Short web captions:
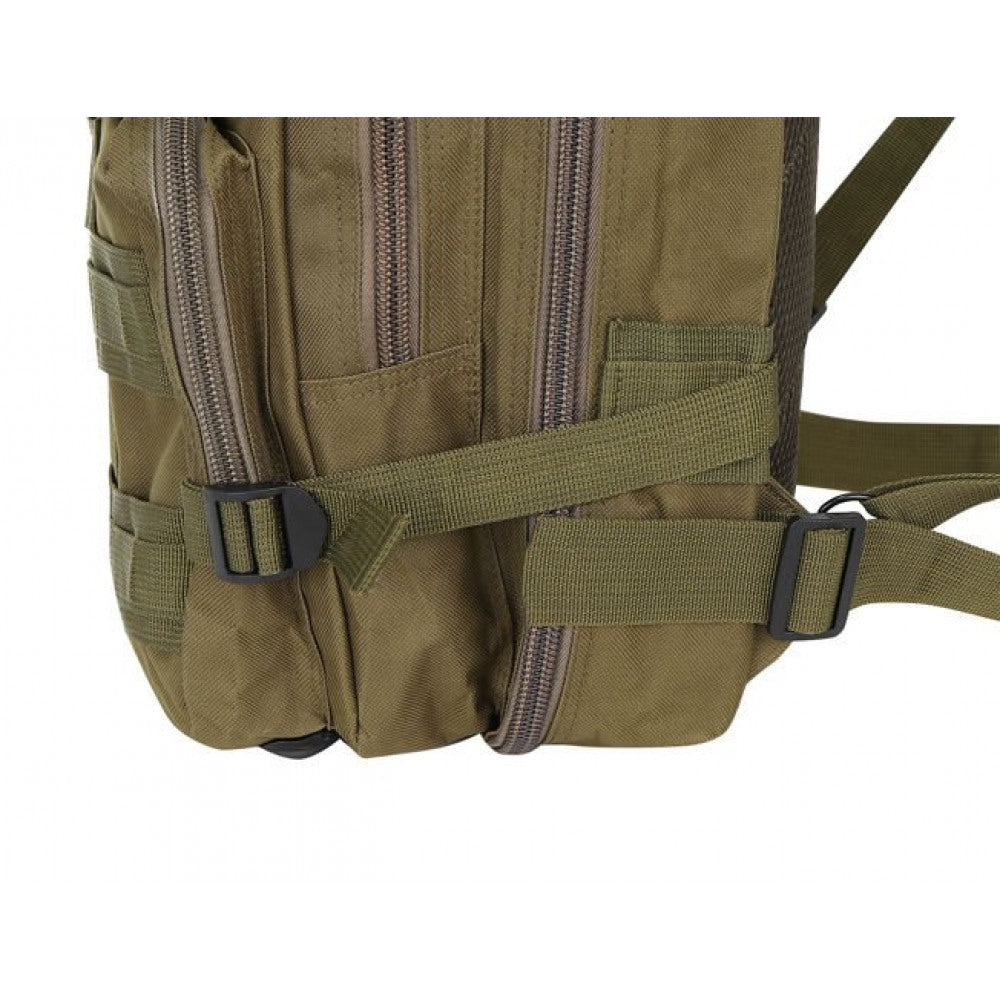 Grüner Militärrucksack 45x29x20cm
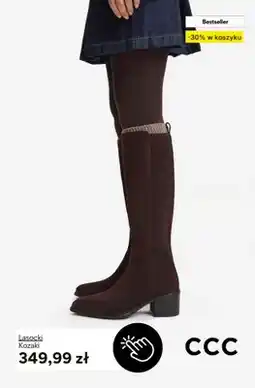 CCC Kozaki Lasocki oferta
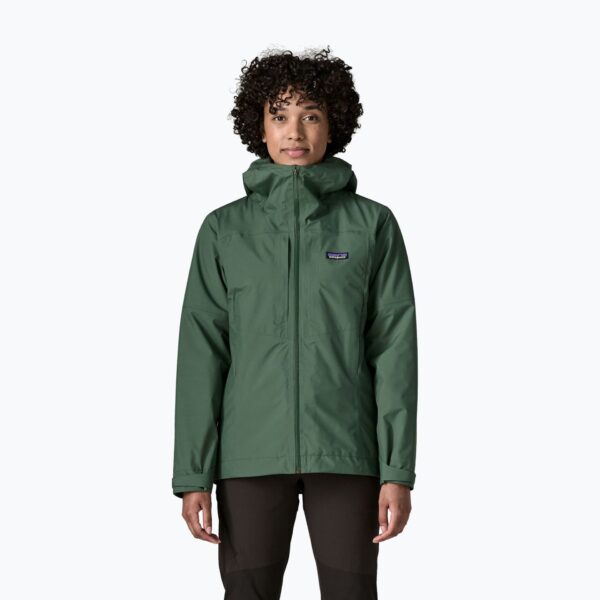 Куртка женская Patagonia Insulated Boulder Fork Rain canopy green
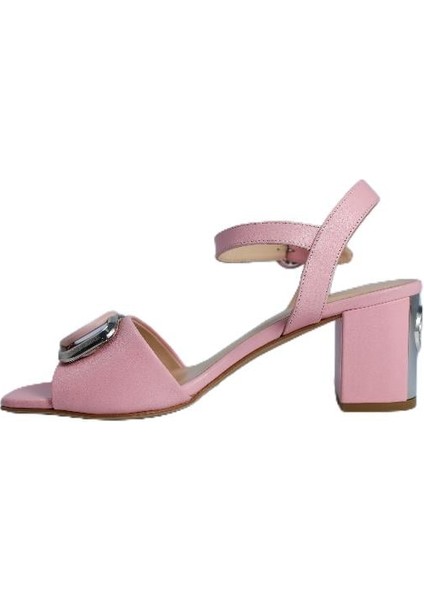 Hakiki Deri Rose Sandalet Topuklu 4183 27 V5 fiyatları
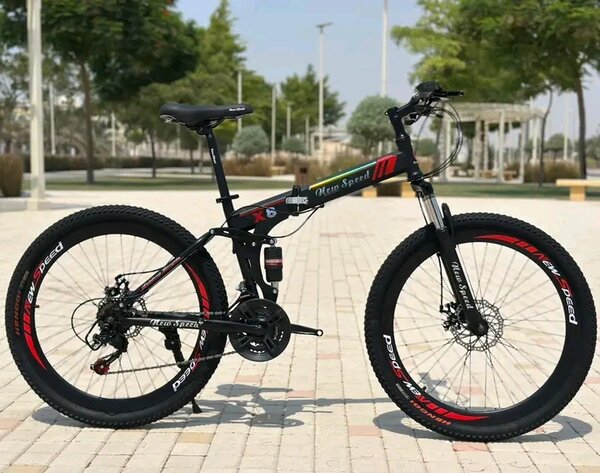 Vélo de montagne Max Speed noir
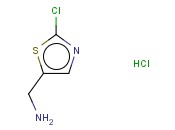 C-(2-Chloro-<span class='lighter'>thiazol-5-yl</span>)-<span class='lighter'>methylamine</span> hydrochloride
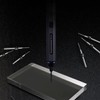 AM ARROWMAX PCB Micro Drill Bit Set, 0.5mm-2.3mm, 3/32-Inch Shank,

Requirement –
Every line above must be printed again exactly, pictures excluded.

Result of the exercise –
 Grüner Militärrucksack 45x29x20cm
 CCC Kozaki Lasocki oferta
 Куртка женская Patagonia Insulated Boulder Fork Rain canopy green
 Hakiki Deri Rose Sandalet Topuklu 4183 27 V5 fiyatları
 Vélo de montagne Max Speed noir
 C-(2-Chloro-<span class='lighter'>thiazol-5-yl</span>)-<span class='lighter'>methylamine</span> hydrochloride
 AM ARROWMAX PCB Micro Drill Bit Set, 0.5mm-2.3mm, 3/32-Inch Shank,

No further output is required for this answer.